If a dataset is created, e.g.
mydataset := graphtodataset(gstructure), the
graphtodataset will generate the XML, and the
:= directive will take the XML and put it in
mydataset. Now, the
mydataset variable has just the text XML, no structure yet, because there is no need. If you would say
mysecondset := mydataset, the text XML of
mydataset is taken, and put in
mysecondset. Both variables will not have a structure.
But now we want to know how many iterations there are in
mydataset. So we say
iterations := count(^mydataset). Now, the server needs to understand the XML, so the XML is converted to the structure. The structure is now equal to the XML. The count looks at the structure and can easily return the number. If you would say
mysecondset := mydataset the XML is just returned, because structure and XML are still the same.
After the count, i want to add a lastname to joe. We use
mydataset.data.lastname := 'doe'. The
:= sets ‘doe’ to the variable. The variable already has the structure, and sets the value to
lastname. The structure is now preferable to the XML. But now, if i say
mysecondset := mydataset, the structure will be converted to XML and then returned to the
:=. So the assignment to mysecondset before the count was much faster then it is now.

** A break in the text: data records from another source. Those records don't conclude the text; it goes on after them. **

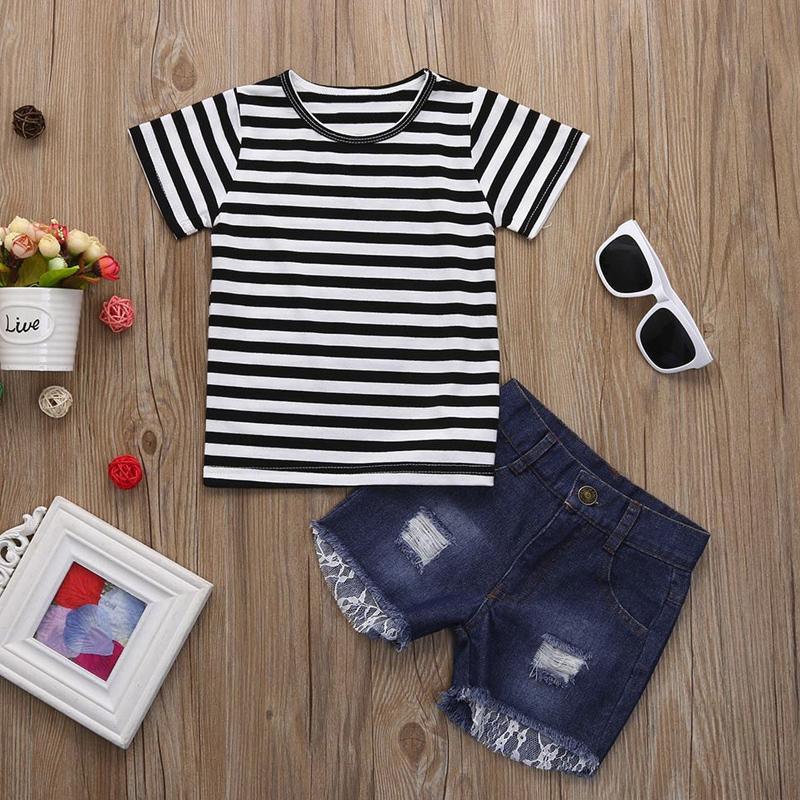 Grow Girl Striped T-shirt & Denim Shorts - PrettyKid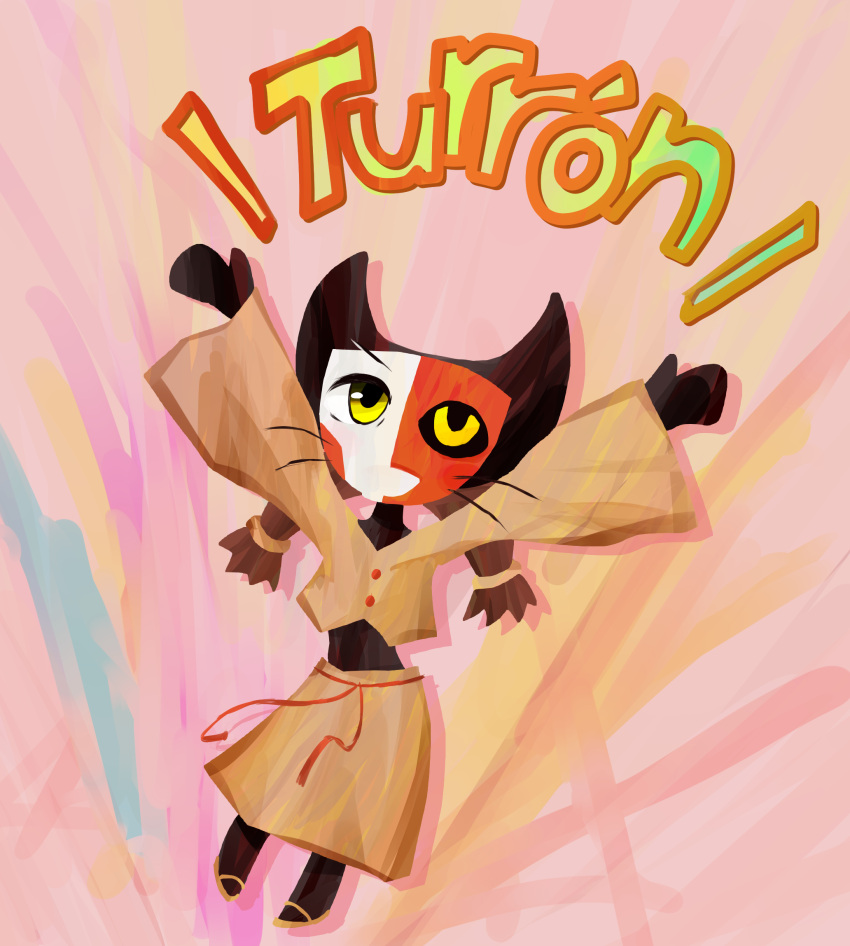 1girl, \o/, animal_ears, arms_up, brown_hair, cat_ears, cat_girl, colored_skin, ena_(joel_g), ena_(series), furry, furry_female, highres, long_hair, low-tied_long_hair, marlinmomo, multicolored_skin, other_language_text, outstretched_arms, simple_background, solo, two-tone_skin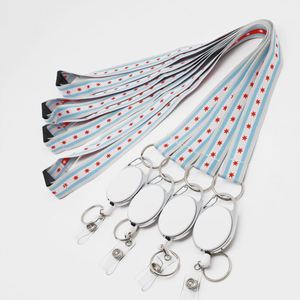 Custom Jacquard <b>Lanyard</b> with Oval Retractable Badge Reel Chicago Flag Style Id Card Holder Neck Strap for Tourism Souvenirs - Product Image 1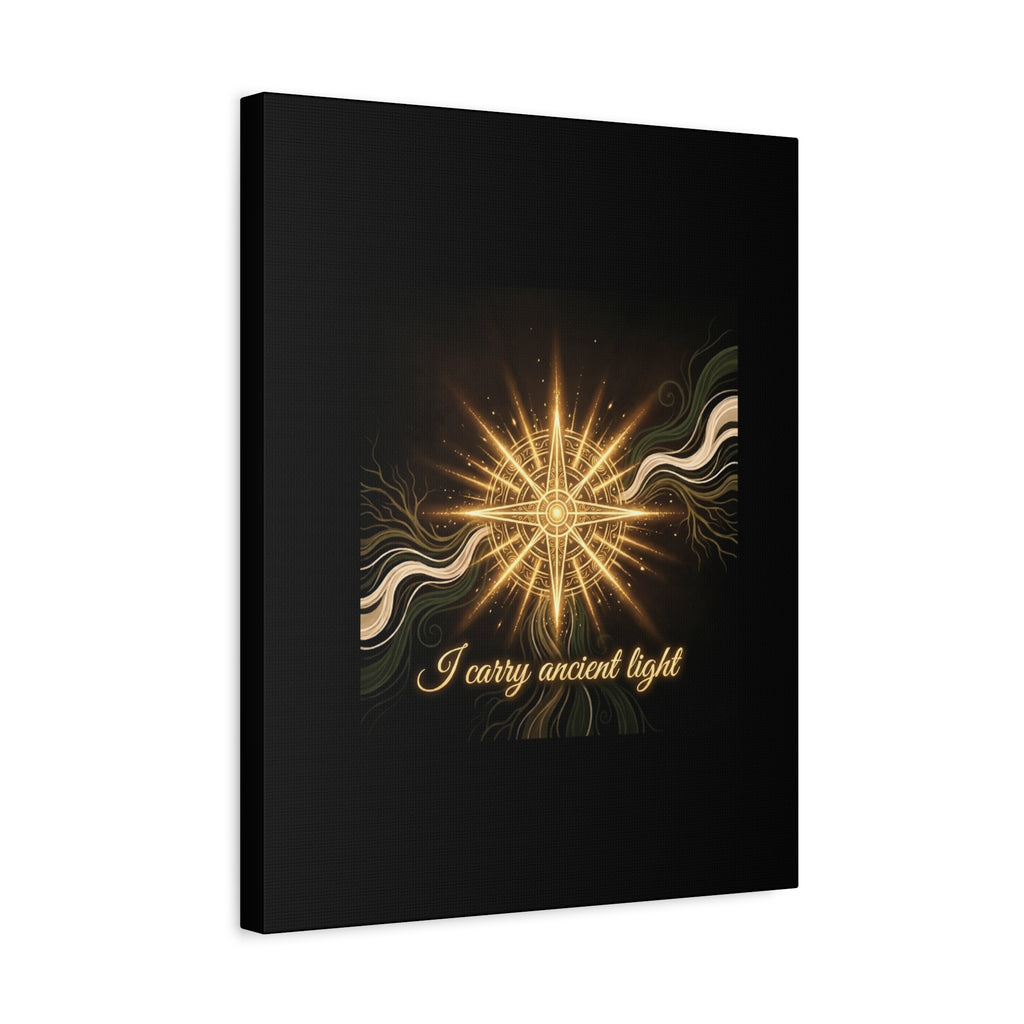 Matte canvas wall art titled "I Carry Ancient Light" featuring a golden compass design, by Printify, suitable for home decor.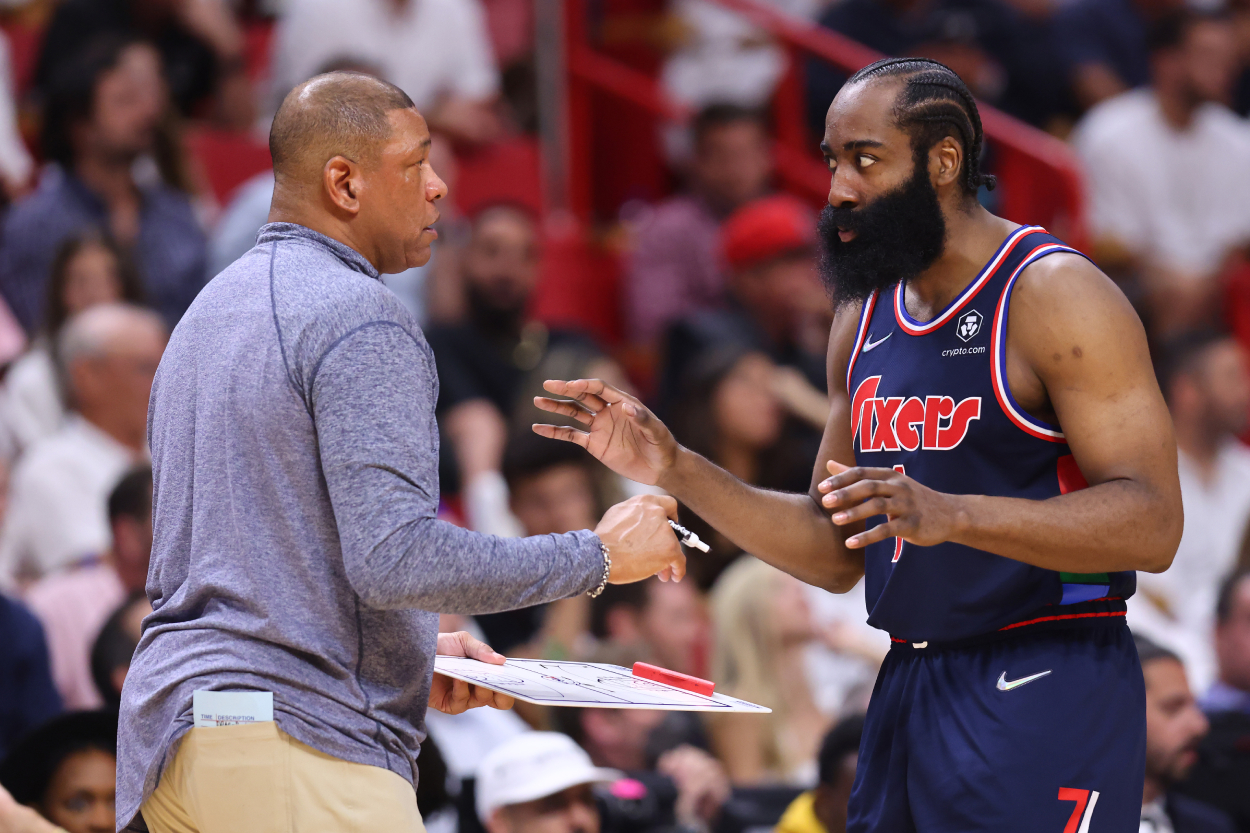 Philadelphia 76ers head coach Doc Rivers and superstar guard James Harden in 2022.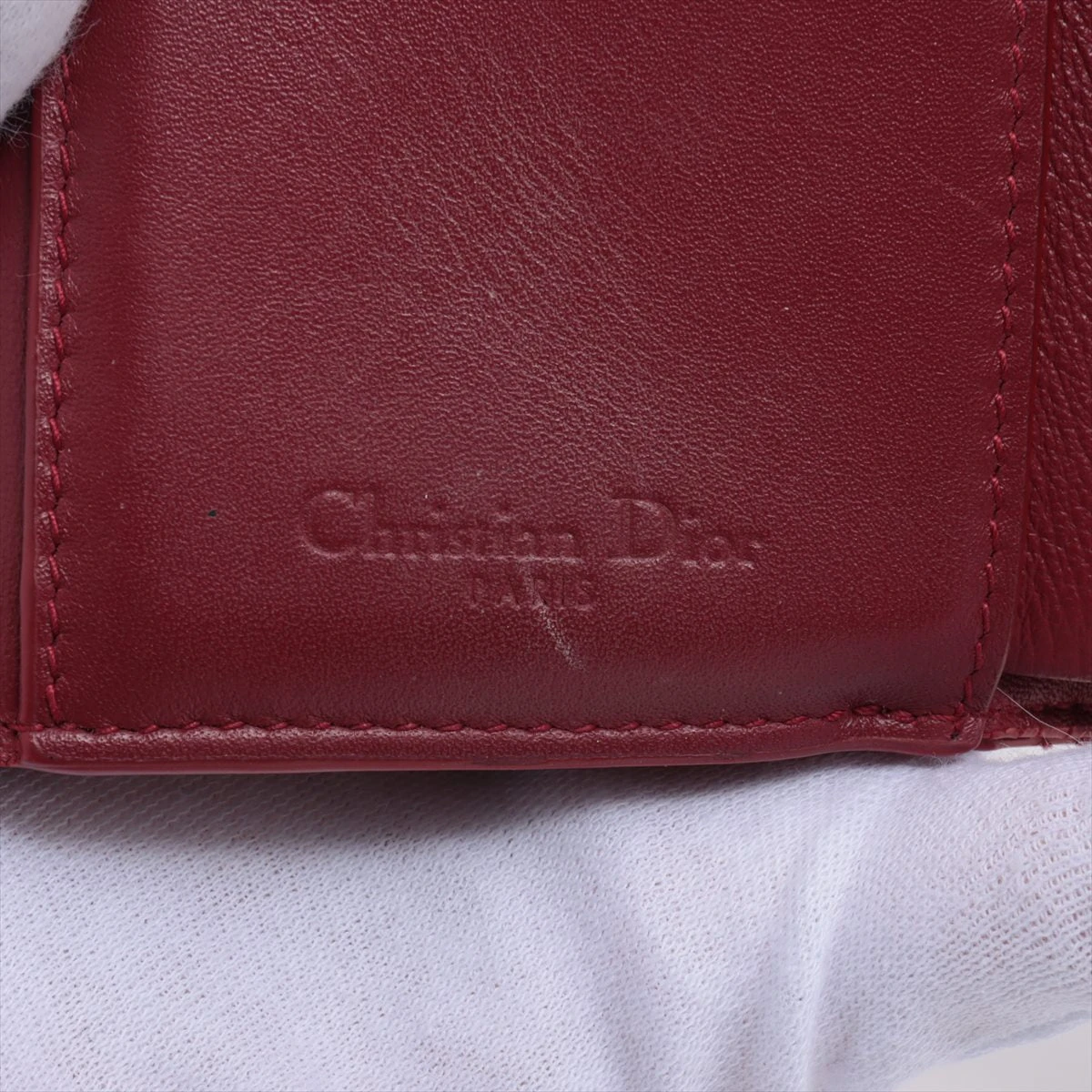 ディオール レディディオール カナージュ パテントレザー 財布 レッド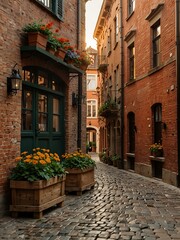 Poster - Historic European city alley with flower boxes, brick buildings, and warm sunset lighting.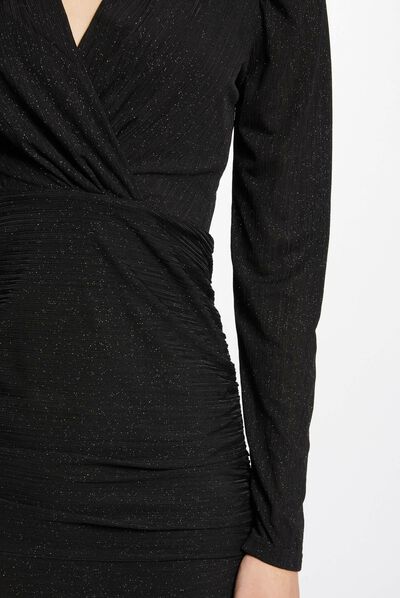 Robe courte ajustée drapée noir femme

After the conversion XML and structure are equal again.
optimizing the use of datasets
Take a look at the following code:
1 i := 0; 2 repeat 3 chk_myset := myset; 4 chk_myset := select (chk_myset, (chk_myset.content.language = myset[i].content.language); 5 if count(^chk_myset) > 1 then 6 foutcode := 'double language'; 7 i := i + 1; 8 until (foutcode <> '') OR (i = count(myset));
The dataset will be checked for double values in
chk_myset.content.language. On line 3 the chk_myset gets an XML value. The structure will be empty. The select on line 4 will take the XML of chk_myset, create the structure, does the select, and return the XML, by converting the structure. On line 5 the XML is converted to a structure, to return the number. On line 8, the count(myset) will create the structure, and return a number. Now it goes back to line 3, setting the XML again, so igoring the structure, just to create it again in the select (and back to XML). So in this code, per iteration, the xml to structure and structure to xml conversion is run 3 times.
The new function added is
selectonset. We now take the dataset (line 1) and make sure we only work with the structure. The function
selectonset will use the structure, and doesn’t need to convert to XML. We do have to ‘fix’ the reset, in the first example line 3. After a select only the iterations that meet the condition are set to ‘visible’. To make sure all rows are set back to visible so a new select can take place, we need to reset the structure by using
resetdatasetonset. Which is the same function as
resetdataset, only again, works directly on the structure. See line 4.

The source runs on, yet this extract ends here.